This Thai Peanut Quinoa Salad is a vibrant and nourishing dish that’s full of bold flavors and textures. Whether you’re looking for a quick weeknight dinner or a dish to impress guests, this salad is sure to delight. Leftovers make a fantastic next-day lunch, so don’t be afraid to make extra!

Butternut Squash Risotto

This creamy and flavorful Butternut Squash Risotto is a gluten-free and meatless dish that feels like a luxurious treat for a Saturday dinner. The natural sweetness of roasted butternut squash pairs beautifully with the creamy arborio rice, Parmesan cheese, and aromatic herbs. It’s a warm and comforting meal that’s perfect for a relaxed evening.

Ingredients

  • 1 medium butternut squash, peeled and cubed
  • 2 tbsp olive oil
  • Salt and pepper to taste
  • 1 small onion, finely chopped
  • 2 cloves garlic, minced
  • 1 cup arborio rice
  • 4 cups vegetable broth, warmed
  • 1/2 cup dry white wine (optional)
  • 1/2 cup grated Parmesan cheese (or dairy-free alternative)
  • 2 tbsp unsalted butter (or vegan butter)
  • 1 tsp fresh thyme leaves (or 1/2 tsp dried thyme)

Instructions

  1. Preheat your oven to 400°F (200°C).

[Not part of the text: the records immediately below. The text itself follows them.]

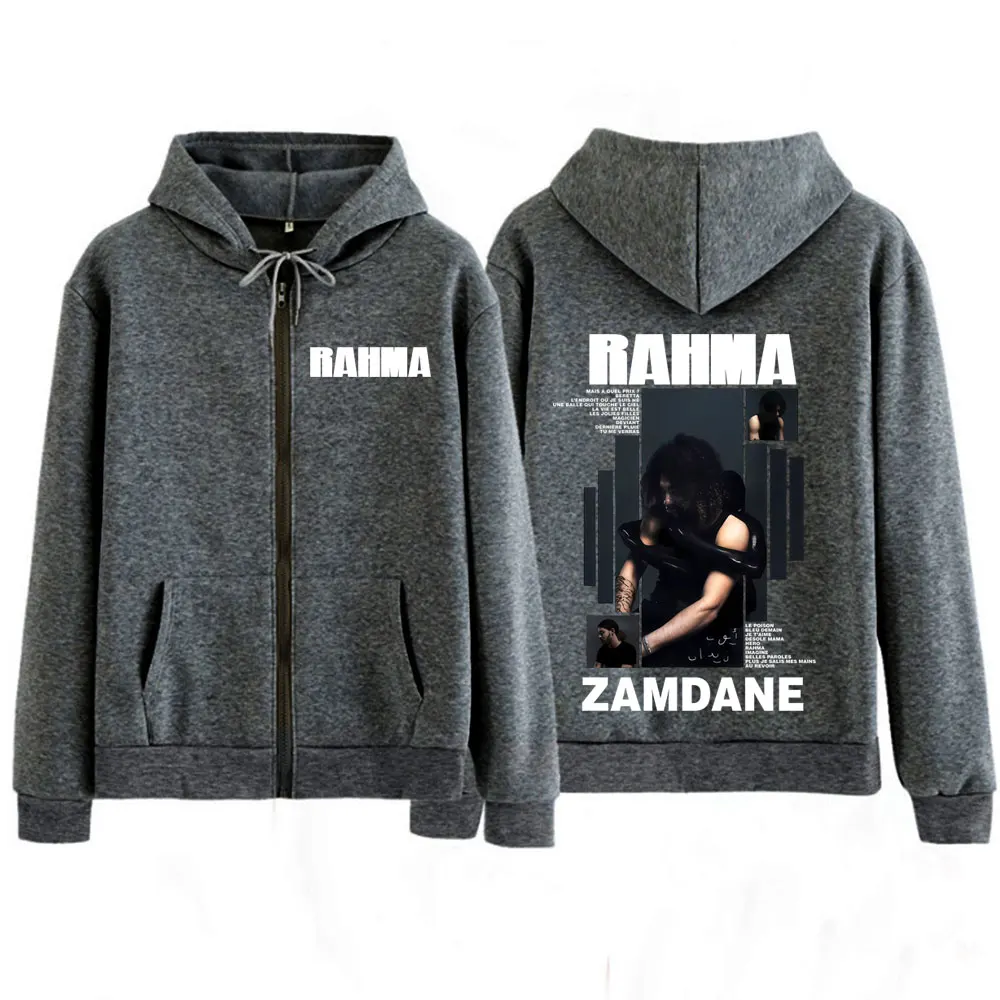 مغني الراب Zamdane RAHMA ألبوم الوجهين طباعة هوديي طويلة الأكمام Vintage جاكيت زيبرا بلايز الرجال النساء موضة زمم البلوز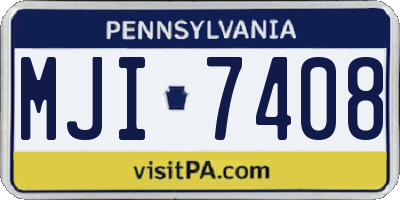 PA license plate MJI7408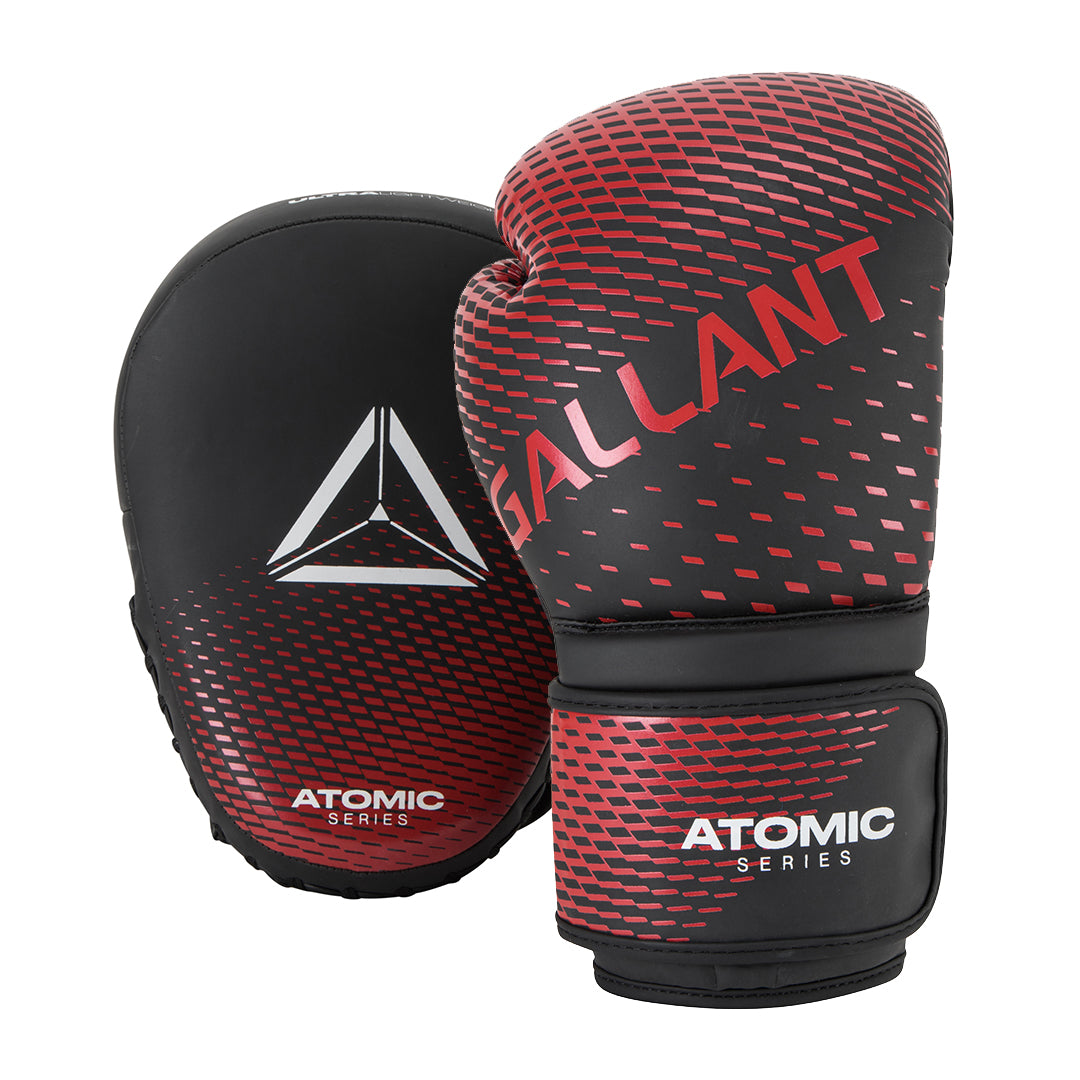 Atomic Series Boxing Gloves and Focus Mitts Combo Set Main IMG Red Color.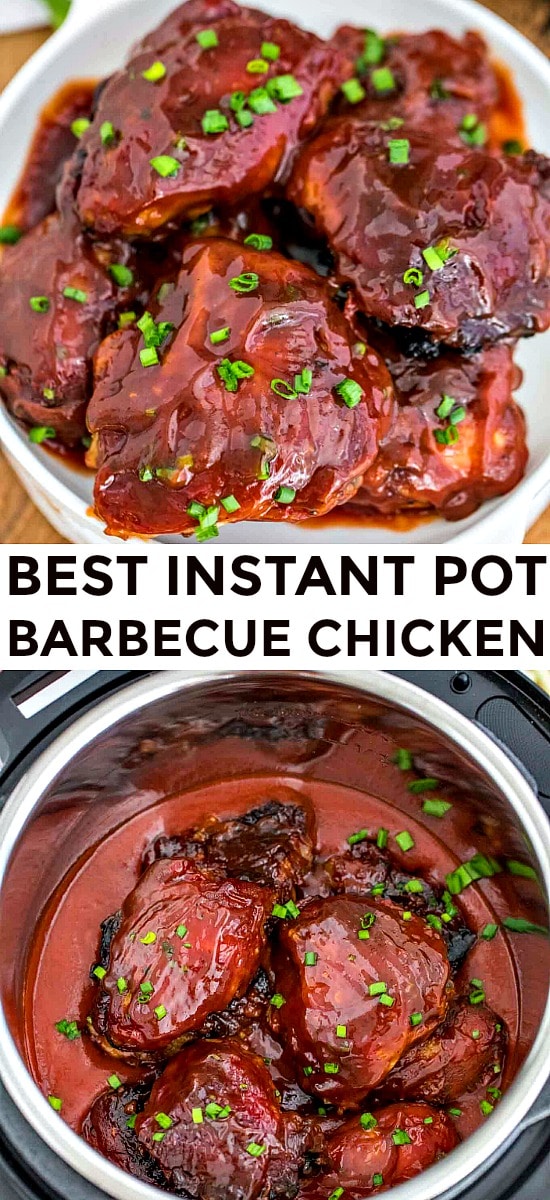 Photo of pressure cooker instant pot barbecue chicken. 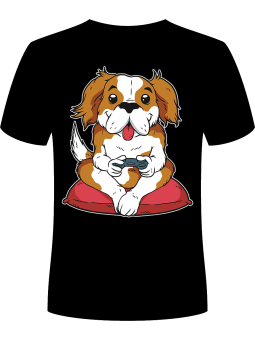 Koszulka Koszulka Męska Pies Gamer Czarna - Śmieszne T-Shirty z Nadrukami ?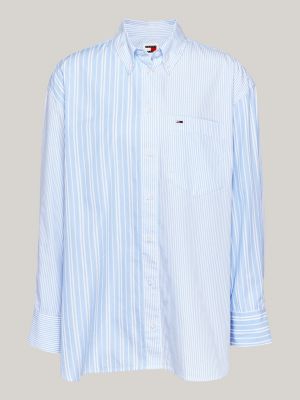 blue mixed stripe oversized shirt for women tommy jeans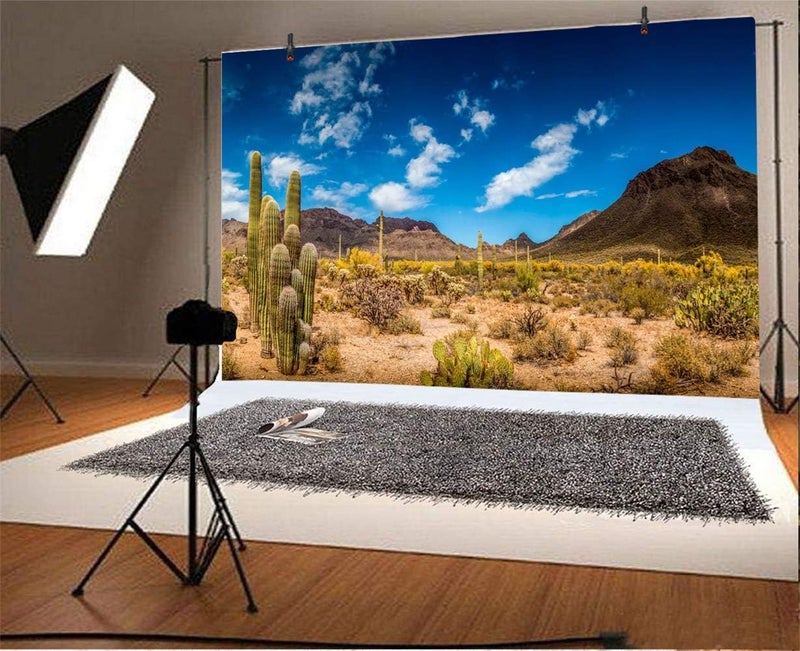 Laeacco 10x8ft Gobi Desert Huge Cactuses Wildness Weathered Mountains Scenic Background for Photography Desolate Place Nature Scenery Backdrop Landscape Wallpaper Studio Props - Image 2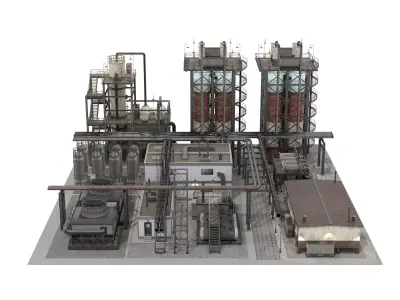 3D Industrial Plant Facility - 51 Objects Clean Quad Modeling 3D model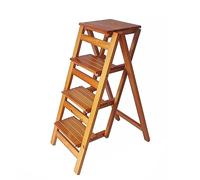 Sedia pieghevole portatile in legno a 4 gradini, sgabello multiuso salvaspazio per casa, cucina, libreria e uso lavorativo, seduta convertibile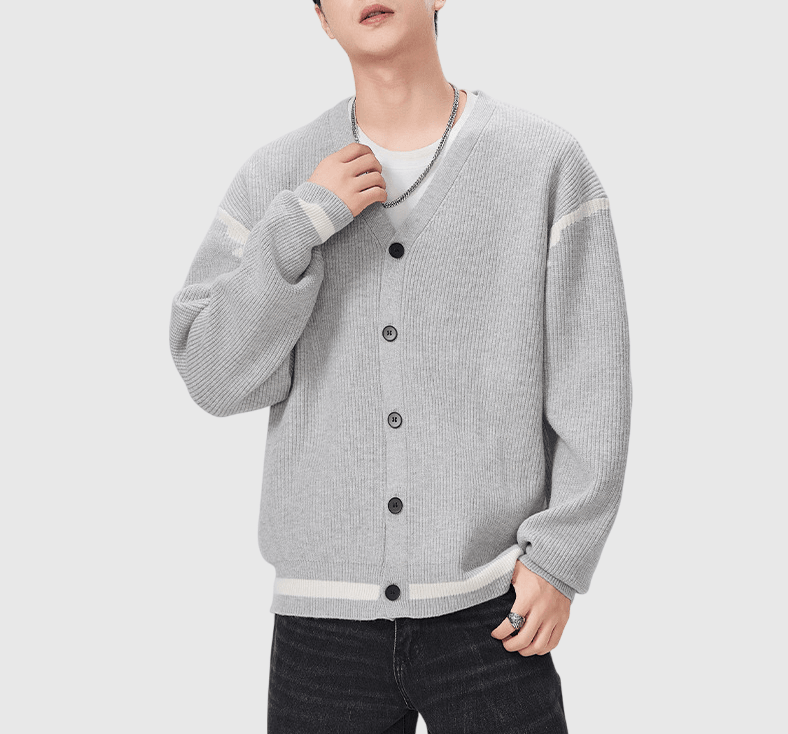 日系不規則線條色織撞色 開胸針織紋理外套 [SBO-1283]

Toss butternut squash cubes with 1 tbsp olive oil, salt, and pepper. Spread on a baking sheet and roast for 25-30 minutes until tender and caramelized.
  2. Heat the remaining olive oil in a large skillet over medium heat. Add onion and garlic and sauté until translucent, about 5 minutes.
  3. Stir in the arborio rice and cook for 1-2 minutes until lightly toasted.
  4. Add the white wine (if using) and cook until mostly absorbed. Begin adding the warm vegetable broth, one ladle at a time, stirring frequently. Wait until the liquid is absorbed before adding the next ladle. Continue until the rice is creamy and tender, about 20 minutes.
  5. Stir in the roasted butternut squash, Parmesan cheese, butter, and thyme. Mix well and season with salt and pepper to taste.
  6. Serve immediately, garnished with additional thyme and Parmesan if desired.

This Butternut Squash Risotto is the perfect way to elevate a Saturday dinner with minimal effort. Its rich, creamy texture and earthy flavors are sure to impress, making it an excellent choice for both casual family meals and special occasions.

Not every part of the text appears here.